Handhelds and other 'non-standard' computers are the bread and butter of this year's Comdex IT show in Las Vegas. Bill Gates lauded the tablet/notebook last night in his keynote speech while companies showing a variety of PDAs (personal digital assistants) and add-ons at a press viewing here.
Oddest thing seen at Mobile Focus, a round-up of the latest and upcoming smaller devices for analysts and the press, was a Handspring Visor module that can give you a massage. The Raycom device works by sending electrical impulses down two wires that are connected to pads similar to those one wears if getting a cardiograph.
The sensation isn't entirely unpleasant, but the vehemence with which Handspring staff insisted that PC Advisor’s news team didn’t touch the pads while the device was active worried us somewhat. At around £100 the Raycom module isn't cheap, nor is it really very good — but it is a little indicator as the breadth of possibilities available to PDA makers and their partners.
PC Advisor also got its first close look at the Ericsson T68 GPRS colour-screen phone last night and very nice it is, too. Around the same size as the anorexic Nokia 8210, the T68 is a change in design ethic by Ericsson which may or may not save the firm's bacon. Ericsson has now passed handset manufacture and a lot of design to Sony in the pair's joint venture.

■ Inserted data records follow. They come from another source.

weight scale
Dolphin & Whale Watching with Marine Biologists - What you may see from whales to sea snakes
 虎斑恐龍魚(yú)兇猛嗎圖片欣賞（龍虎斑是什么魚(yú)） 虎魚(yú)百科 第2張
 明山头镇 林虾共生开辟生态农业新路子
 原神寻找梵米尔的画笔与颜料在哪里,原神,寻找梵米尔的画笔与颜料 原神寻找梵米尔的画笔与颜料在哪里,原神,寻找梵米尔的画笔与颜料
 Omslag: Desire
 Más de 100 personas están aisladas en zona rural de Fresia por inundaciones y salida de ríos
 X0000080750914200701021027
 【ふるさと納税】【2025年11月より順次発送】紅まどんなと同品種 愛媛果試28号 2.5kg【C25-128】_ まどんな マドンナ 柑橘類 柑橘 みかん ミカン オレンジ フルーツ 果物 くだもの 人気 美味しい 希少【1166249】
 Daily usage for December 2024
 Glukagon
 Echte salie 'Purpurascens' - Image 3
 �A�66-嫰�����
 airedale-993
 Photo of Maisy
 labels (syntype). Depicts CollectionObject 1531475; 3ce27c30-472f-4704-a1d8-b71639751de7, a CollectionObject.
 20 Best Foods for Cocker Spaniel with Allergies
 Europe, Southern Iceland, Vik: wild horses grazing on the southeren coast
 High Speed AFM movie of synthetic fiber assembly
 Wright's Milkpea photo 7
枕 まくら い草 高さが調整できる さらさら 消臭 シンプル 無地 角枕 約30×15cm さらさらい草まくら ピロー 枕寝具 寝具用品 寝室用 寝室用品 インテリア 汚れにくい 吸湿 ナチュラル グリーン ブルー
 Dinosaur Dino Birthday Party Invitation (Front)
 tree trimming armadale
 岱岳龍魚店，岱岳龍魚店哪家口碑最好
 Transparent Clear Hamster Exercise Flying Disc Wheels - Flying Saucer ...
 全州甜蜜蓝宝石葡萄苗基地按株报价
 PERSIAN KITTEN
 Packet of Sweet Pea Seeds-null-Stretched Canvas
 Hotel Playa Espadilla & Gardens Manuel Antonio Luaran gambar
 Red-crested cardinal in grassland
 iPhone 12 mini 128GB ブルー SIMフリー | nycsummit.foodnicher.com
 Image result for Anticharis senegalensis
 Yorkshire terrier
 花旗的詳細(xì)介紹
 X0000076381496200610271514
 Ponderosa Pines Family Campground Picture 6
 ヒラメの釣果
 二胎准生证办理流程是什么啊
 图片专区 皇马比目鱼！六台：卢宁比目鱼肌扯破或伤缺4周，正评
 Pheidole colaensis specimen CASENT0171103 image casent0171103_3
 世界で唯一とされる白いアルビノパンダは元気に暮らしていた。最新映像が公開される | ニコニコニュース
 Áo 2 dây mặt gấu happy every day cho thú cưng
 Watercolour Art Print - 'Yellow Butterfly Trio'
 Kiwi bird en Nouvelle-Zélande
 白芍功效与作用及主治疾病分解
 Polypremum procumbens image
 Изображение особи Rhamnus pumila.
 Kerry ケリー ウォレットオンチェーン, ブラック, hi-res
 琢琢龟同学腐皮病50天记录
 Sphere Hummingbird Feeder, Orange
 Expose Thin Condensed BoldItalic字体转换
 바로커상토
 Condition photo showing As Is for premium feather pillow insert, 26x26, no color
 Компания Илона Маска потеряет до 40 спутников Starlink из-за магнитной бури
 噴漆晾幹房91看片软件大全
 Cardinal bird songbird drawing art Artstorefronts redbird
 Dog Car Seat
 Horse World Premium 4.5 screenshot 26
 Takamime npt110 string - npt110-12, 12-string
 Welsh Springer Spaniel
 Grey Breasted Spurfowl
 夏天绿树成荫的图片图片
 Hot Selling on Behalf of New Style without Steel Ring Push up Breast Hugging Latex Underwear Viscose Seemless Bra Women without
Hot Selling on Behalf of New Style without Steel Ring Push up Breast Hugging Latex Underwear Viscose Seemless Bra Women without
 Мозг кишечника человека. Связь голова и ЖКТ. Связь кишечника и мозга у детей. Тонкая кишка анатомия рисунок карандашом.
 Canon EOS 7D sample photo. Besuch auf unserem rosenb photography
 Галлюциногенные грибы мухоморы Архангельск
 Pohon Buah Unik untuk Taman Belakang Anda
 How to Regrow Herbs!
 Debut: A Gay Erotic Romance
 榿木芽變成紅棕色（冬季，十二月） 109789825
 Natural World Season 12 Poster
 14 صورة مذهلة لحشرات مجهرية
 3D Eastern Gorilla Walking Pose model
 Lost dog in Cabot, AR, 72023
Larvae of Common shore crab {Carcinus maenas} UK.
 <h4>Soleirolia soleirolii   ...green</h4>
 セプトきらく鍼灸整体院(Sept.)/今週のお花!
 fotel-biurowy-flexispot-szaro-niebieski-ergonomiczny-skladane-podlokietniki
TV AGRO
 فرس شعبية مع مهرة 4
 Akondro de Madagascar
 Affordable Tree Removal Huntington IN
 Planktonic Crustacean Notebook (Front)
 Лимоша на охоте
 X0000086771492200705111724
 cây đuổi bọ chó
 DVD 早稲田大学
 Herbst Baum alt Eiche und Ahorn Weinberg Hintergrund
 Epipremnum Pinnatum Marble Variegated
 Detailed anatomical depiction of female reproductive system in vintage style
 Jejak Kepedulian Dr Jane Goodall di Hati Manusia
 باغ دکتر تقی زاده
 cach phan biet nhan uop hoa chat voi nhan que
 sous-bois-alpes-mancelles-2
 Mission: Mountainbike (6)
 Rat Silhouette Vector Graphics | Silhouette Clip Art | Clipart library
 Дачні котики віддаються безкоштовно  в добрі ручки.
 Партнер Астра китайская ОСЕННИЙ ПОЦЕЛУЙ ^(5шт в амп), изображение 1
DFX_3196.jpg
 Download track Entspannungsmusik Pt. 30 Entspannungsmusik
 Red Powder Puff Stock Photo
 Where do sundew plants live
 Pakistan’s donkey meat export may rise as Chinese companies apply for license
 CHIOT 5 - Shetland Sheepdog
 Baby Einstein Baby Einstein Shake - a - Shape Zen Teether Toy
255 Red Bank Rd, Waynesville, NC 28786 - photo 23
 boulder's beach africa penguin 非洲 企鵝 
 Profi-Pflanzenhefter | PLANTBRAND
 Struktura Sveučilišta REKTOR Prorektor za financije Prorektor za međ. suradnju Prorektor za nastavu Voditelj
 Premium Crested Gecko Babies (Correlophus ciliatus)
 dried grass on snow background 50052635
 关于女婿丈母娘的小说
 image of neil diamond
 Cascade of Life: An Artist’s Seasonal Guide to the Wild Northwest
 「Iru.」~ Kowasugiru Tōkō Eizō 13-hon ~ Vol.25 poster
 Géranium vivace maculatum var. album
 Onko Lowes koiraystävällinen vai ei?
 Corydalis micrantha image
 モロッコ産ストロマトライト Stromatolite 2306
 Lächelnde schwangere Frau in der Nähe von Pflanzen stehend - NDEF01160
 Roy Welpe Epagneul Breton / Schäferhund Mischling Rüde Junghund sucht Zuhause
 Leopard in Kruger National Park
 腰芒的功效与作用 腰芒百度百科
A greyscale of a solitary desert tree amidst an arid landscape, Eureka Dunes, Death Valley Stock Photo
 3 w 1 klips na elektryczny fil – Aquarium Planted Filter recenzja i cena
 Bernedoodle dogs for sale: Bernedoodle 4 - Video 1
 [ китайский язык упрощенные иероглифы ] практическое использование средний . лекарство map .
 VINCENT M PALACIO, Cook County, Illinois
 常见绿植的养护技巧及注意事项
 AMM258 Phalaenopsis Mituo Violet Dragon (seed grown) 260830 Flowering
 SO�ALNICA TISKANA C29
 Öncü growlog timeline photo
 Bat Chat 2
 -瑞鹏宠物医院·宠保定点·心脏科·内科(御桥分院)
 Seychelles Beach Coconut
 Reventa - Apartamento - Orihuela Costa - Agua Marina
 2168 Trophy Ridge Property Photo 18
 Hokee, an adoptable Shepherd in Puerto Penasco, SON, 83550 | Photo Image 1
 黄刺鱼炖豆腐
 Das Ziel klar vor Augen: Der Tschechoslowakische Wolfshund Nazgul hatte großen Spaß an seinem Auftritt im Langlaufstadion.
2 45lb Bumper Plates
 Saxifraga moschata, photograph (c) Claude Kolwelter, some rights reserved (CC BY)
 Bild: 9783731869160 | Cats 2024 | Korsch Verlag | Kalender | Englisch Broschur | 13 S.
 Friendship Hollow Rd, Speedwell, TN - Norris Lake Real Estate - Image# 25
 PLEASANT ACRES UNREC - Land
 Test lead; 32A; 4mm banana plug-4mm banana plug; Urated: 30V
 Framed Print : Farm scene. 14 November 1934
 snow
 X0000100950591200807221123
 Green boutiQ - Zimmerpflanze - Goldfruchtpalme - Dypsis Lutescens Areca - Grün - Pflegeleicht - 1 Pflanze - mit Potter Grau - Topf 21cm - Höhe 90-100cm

Another glimpse of inevitability was present on Sony's desk at Mobile Focus. Combining a PC and an entertainment centre the Vaio MX is seen, as one vendor who was with us said, as "the future of PCs". This may or may not be true but the Sony is an inviting machine and, if combined with instant-on RAM technology and a dramatic price cut using economies of scale (providing the US economy picks up), could well supplant the hi-fi in the living room.